OS JORNALEIROS SÃO SEMPRE OS MESMOS


No tempo distante da pré-adolescência e adolescência, os quadrinhos prediletos dos garotos da minha e de outras gerações, que vieram antes ou depois, não eram os de nenhum dos heróis daquele tempo, como o “Capitão Marvel”, o Fantasma, ou o Zorro. Esses também tinham uma boa procura, mas só até que os hormônios da garotada começassem a manchar a nossa inocência e os nossos lençóis, pelo meio da noite.
            Os nossos quadrinhos preferidos eram os do Carlos Zéfiro, que escrevia e desenhava, com traços toscos, umas historinhas libertinas, que faziam a molecada entrar em êxtase e ajudavam-na a administrar aquela fase difícil da vida de um garoto, em que as necessidades do corpo caminham ao lado das impossibilidades impostas pelas circunstâncias.
         As revistinhas do Carlos Zéfiro, que obtínhamos em acordos secretos com os donos das bancas de jornal, tantas décadas depois, viraram um “cult” dos quadrinhos eróticos e são cuidadas pelos colecionadores com mimos especiais. Mas, revisitadas nos dias atuais — o que pode ser feito na própria internet — surpreendem a qualquer dos seus antigos leitores, pela sua quase ingenuidade, à vista do que se publica e se vende em termos de pornografia, nos dias de agora.
            Naquela época, no entanto, eram motivadoras de uma perseguição atroz, por pais, professores e padres, alguns dos quais — sempre desconfiei disto — depois de tomá-las dos seus filhos, alunos e confidentes, iam folheá-las no banheiro, às escondidas também.
         Por haver adolescido nessa época de repressão moral, sempre procurei manter com os meus filhos um diálogo aberto, acerca de todo e qualquer tema, porque entendia que fosse essa a melhor forma de dar a eles uma orientação mais adequada.

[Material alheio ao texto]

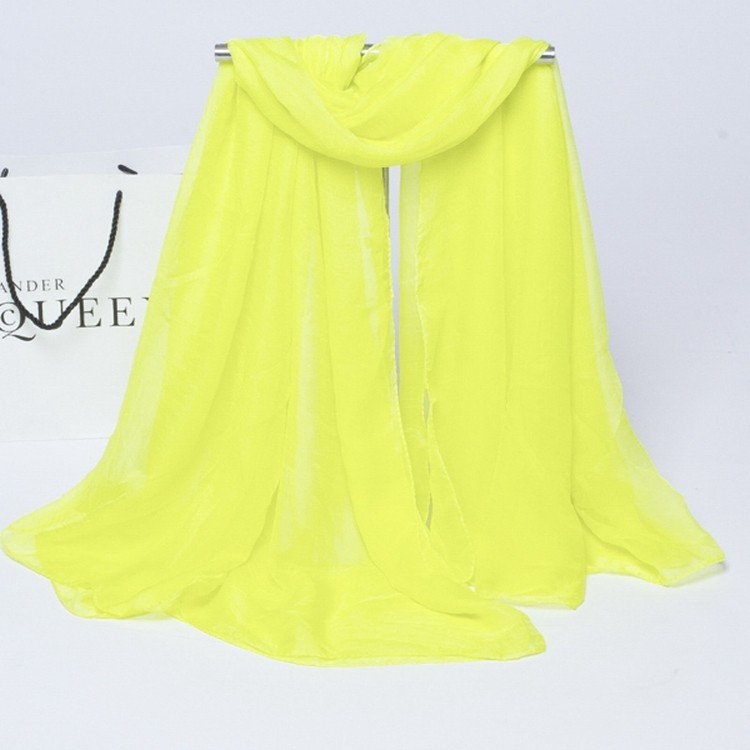 Shawl Scarf 2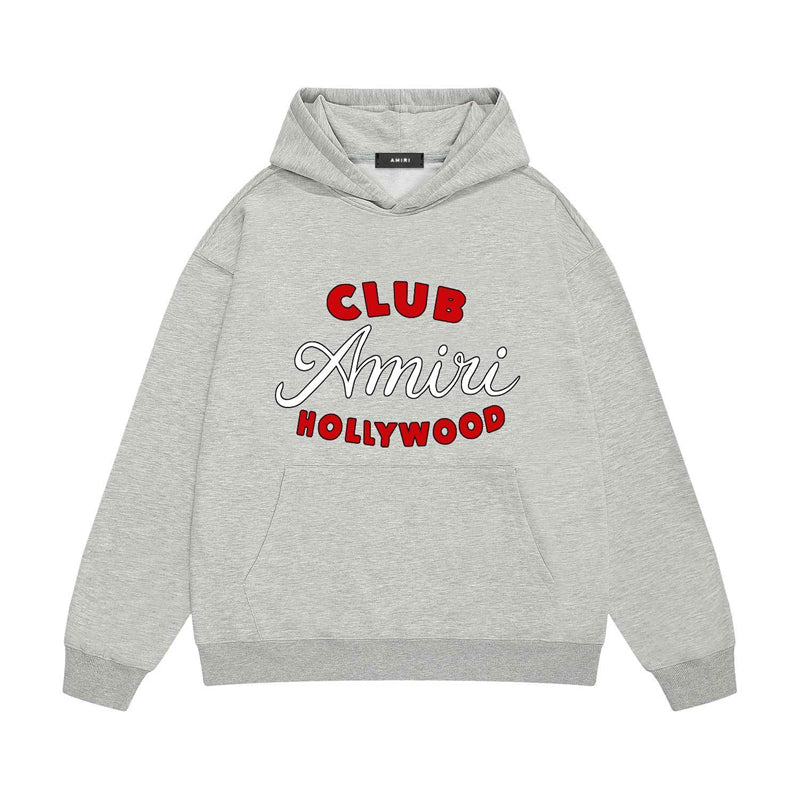 Amiri Fashion sweatshirts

De tal sorte, que quando eram pequenos, nunca fugi a nenhuma indagação que me fizessem, buscando responder de uma forma natural e sem transformar o que é simples numa coisa complicada.
            Talvez por isto, o meu filho, especialmente, adquiriu o hábito de se sentar ao meu lado, sempre que terminava o jantar, quando me fazia a mesma pergunta:
            — Sobre o que é que nós vamos conversar hoje?
            Invariavelmente, eu também lhe dava a aquela resposta:
            — Sobre qualquer assunto que você quiser conversar...
         A partir daí conversávamos sobre um monte de coisas: das histórias de família aos assuntos da escola em que ele estudava, passando pelo sexo, sempre que a sua curiosidade apontasse nessa direção. Ele me fazia as perguntas que queria e eu respondia da forma que me parecesse mais apropriada para o momento. E foi assim por muito tempo, até que, já na pré-adolescência, um dia ele chegou e, meio que escolhendo as palavras, me disse:
         — Pai, o que você diria se soubesse que eu tinha comprado uma dessas revistas de sexo?
         Entendi, claramente, onde estava o móvel da preocupação e da pergunta. Com certeza, ele já havia feito isso e estava querendo antecipar a minha reação, para a hipótese de que eu viesse a descobrir. Então eu respondi:
         — Olhe meu filho, tenho certeza de que, embora eu lhe falando que sou contra, se você estiver com vontade de comprar, irá comprar de qualquer jeito. Mesmo assim, eu lhe diria três coisas: A primeira, é que você deve entender que essas revistas não são nenhum manual de orientação sexual. Até porque o que elas preferem mostrar não é o sexo comum, que as pessoas praticam normalmente. A segunda é que, se resolver comprar mesmo alguma dessas revistas, não pode deixar isso em qualquer lugar no seu quarto, por onde passam a sua mãe, sua irmã e outras pessoas. E a terceira, é que essas revistas são proibidas para menores. Tentando comprar uma delas, você pode passar uma vergonha na frente dos outros ou ter um problema com a presença de algum comissário de menores, que esteja por perto.        
          Ele me olhou de um jeito engraçado e respondeu, seguindo o meu raciocínio:
         — Primeiro, eu sei que o que essas revistas mostram não é o sexo comum. Segundo, eu tenho um lugar escondido embaixo da minha cama e sei que mamãe não pode ver. Terceiro, sei que menor não pode comprar dessas revistas, mas já combinei com o jornaleiro, que é primo de um colega meu, e ele me entrega escondido num envelope.
            Diante disso, só tive uma reação e falei, mais para mim até do que para ele:
            — Ah... Então, tá!
           O que mais eu poderia dizer? Ele se foi, com a consciência aplacada e, aí sim, eu comecei a rir sozinho. Da astúcia do moleque e, sobretudo, por compreender que as gerações mudam, os valores se alteram, a vida se transforma... Mas os jornaleiros parecem ser sempre os mesmos!